Friday, February 28, 2014

NOVARTIS SUMMIT

As a reminder, my variety of cancer is called Chronic Myelogenous Leukemia. The abbreviation is CML. As a result of blogging about CML, along with its physical, spiritual, and emotional components, there are quite a few CML patients who follow my blog. As a result of that, a health advocacy group, on behalf of Novartis Pharmaceutical Company, contacted me to be one of the bloggers to participate in a CML summit. In the course of our phone and email communications I asked, “Why have you selected me?” Among the reasons I was given was, “One of the goals of this summit is to gather an understanding of the information gaps and best ways to communicate within the CML community. I thought you would be able to provide great feedback and information to the Novartis/Tasigna team about your CML journey.”

The summit is next month in New York. They pay all travel and hotel expenses plus a generous honorarium. After some research, I agreed to go. Why the research? Well, there’s the simple fact that a pharmaceutical company is paying all this money in expenses to 15 of us as far away as California. Is their motivation purely to improve CML communication? Or, is there a message or product they want us to communicate about?

Well, the full sponsor name of the summit is Novartis/Tasigna. Novartis is a pharmaceutical company who is also the maker of the main CML chemo drug, Gleevec. Tasigna is a fairly new front-line CML chemo drug, also manufactured by Novartis. I mentioned in Wednesday blog post that the patent for Gleevec expires in 2015 (Novartis has filed for a patent extension). The patent for the new Tasigna doesn't expire until July of 2023.  Internet searches indicate that Novartis is trying to move Gleevec patients to Tasigna.

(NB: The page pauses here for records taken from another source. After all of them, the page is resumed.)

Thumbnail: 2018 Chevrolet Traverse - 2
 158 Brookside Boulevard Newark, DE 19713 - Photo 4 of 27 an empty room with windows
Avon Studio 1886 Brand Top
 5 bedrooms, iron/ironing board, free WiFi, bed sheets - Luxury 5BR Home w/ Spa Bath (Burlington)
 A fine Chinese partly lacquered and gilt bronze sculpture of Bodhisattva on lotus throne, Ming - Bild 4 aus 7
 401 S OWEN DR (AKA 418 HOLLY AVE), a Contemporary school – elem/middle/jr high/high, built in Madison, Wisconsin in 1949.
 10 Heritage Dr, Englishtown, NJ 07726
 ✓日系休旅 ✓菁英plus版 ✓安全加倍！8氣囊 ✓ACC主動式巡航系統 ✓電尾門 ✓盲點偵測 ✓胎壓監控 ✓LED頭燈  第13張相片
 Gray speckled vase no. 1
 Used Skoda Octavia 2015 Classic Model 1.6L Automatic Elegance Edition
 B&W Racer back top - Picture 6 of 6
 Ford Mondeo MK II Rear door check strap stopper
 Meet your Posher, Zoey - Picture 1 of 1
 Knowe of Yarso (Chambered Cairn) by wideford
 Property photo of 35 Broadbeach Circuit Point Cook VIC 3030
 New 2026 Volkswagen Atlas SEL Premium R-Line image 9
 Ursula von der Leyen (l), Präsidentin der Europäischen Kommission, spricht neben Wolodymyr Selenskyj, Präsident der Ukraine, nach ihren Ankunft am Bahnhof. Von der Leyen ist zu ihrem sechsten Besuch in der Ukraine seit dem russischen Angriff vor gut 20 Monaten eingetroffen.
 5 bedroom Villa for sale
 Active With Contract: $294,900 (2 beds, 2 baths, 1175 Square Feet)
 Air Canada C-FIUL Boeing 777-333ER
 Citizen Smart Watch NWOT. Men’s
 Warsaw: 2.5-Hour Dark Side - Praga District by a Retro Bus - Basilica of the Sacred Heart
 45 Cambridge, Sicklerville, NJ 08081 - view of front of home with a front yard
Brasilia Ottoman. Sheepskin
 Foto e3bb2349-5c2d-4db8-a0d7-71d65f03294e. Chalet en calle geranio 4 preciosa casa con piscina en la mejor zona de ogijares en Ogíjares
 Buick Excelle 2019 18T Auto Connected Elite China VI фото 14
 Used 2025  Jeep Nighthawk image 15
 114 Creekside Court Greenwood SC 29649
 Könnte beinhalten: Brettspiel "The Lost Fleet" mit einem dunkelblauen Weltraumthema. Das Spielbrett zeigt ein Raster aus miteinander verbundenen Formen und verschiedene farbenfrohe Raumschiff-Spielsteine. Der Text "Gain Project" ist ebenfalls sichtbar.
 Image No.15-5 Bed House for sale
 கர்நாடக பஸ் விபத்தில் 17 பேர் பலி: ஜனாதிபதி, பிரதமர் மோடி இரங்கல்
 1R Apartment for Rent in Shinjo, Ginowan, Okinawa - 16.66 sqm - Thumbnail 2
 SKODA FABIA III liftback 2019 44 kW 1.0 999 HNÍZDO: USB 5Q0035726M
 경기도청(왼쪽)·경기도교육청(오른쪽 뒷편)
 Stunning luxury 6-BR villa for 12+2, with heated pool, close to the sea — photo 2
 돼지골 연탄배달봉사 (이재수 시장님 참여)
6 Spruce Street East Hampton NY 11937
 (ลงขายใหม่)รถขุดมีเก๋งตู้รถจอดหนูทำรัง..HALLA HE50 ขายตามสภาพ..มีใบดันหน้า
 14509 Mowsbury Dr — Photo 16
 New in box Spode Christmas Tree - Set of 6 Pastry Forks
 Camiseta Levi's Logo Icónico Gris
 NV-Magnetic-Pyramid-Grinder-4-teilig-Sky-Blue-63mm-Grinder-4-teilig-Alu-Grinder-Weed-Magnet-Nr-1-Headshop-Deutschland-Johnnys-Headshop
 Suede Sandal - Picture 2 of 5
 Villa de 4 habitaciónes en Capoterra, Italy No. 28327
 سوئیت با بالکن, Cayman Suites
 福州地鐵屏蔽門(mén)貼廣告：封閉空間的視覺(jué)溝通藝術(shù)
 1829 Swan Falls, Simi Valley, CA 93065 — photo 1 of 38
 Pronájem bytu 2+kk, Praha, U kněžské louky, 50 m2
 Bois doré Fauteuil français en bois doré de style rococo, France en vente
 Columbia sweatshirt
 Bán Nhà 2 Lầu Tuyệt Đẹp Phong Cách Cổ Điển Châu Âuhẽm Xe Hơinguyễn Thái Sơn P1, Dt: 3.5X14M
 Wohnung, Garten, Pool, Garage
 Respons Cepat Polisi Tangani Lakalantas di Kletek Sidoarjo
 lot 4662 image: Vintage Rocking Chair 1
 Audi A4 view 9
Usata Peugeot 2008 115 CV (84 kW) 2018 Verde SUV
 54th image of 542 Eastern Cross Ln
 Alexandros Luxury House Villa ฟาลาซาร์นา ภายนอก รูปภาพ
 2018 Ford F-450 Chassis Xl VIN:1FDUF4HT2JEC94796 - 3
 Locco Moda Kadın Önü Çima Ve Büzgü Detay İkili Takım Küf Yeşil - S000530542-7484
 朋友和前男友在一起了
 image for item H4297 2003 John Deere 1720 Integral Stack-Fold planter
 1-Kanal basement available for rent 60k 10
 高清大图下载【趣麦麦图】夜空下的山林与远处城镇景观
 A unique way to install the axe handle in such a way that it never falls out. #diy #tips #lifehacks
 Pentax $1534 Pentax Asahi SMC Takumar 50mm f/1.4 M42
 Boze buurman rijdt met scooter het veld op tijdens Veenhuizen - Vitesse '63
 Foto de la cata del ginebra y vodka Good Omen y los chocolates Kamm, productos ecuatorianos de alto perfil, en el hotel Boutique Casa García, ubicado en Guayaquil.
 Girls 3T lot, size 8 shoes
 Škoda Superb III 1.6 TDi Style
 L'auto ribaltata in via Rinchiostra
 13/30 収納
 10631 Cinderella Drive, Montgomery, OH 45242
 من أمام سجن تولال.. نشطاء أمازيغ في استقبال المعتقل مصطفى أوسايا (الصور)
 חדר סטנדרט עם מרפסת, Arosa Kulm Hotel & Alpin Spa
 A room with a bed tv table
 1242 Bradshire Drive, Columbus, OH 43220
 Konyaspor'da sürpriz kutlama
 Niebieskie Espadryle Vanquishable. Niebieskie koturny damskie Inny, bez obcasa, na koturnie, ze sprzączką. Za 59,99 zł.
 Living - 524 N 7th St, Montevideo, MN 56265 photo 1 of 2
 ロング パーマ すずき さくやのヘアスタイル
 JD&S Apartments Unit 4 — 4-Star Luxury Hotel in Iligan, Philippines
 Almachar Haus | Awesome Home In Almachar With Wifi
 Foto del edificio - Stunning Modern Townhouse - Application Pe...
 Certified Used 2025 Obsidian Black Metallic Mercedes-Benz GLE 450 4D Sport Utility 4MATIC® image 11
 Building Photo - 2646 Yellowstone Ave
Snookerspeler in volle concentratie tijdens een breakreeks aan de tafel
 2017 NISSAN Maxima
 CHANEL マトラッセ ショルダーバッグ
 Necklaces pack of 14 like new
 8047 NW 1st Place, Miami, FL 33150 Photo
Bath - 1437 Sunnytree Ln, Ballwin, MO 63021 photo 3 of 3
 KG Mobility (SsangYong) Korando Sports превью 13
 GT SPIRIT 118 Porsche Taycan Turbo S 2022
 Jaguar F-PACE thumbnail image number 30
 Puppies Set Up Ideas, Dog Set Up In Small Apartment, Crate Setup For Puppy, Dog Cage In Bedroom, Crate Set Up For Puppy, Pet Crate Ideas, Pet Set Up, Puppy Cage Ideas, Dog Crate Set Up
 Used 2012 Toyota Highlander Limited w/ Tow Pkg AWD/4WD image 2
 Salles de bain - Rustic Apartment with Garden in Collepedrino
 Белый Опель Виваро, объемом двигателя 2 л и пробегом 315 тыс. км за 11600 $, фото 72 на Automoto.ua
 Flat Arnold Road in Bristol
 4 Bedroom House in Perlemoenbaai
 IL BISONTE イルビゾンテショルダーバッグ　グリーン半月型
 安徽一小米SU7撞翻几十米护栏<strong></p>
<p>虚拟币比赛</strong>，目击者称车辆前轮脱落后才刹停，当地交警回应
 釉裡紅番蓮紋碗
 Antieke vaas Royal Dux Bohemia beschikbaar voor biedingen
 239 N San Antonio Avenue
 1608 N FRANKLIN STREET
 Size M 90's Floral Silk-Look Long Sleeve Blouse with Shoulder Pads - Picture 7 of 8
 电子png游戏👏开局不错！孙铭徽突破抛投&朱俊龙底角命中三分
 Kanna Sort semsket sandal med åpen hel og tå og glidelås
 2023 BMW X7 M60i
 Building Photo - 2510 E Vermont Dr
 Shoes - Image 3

It is projected that if the Gleevec patent is allowed to expire next year that prescriptions may go from $7,600 per month to as low as $50.00 per month. Remember, CML patients take the chemo each and every day for the rest of their lives. Meanwhile, Tasigna will still be commanding the Gleevec-type high prices. Indeed, it makes financial sense for Novartis to try to move all the Gleevec patients to Tasigna. What better way to spread the word than to sell CML bloggers on the benefits of Tasigna? Would it really help sell Tasigna to have us sing the praises of Tasigna to CML patients? Would patients be able to influence their doctors to switch them to Tasigna? Evidently, yes. Look at the pharmacy ads on TV urging patients to ask their doctor if a certain drug "is right for you." If this backdoor advocacy to the doctor wasn't effective, I doubt so many TV ads today would be by pharmaceutical companies advocating patients to talk to their doctor about using certain drugs.

Yet, on the other hand… last month three independent studies revealed that Tasigna is proving to be even more effective than Gleevec. Further, the studies show that remissions facilitated by Tasigna are much more stable and “deeper” than that of Gleevec. Dr. Tan mentioned the possibility of me being switched to Tasigna quite some time ago, if my tests didn’t settle down.

So, even if there is a sales pitch for Tasigna at the summit, along with the breakout groups, feedback discussions, etc. it seems like a great endeavor for me to participate in. Tasigna may indeed be the next best thing in CML treatment.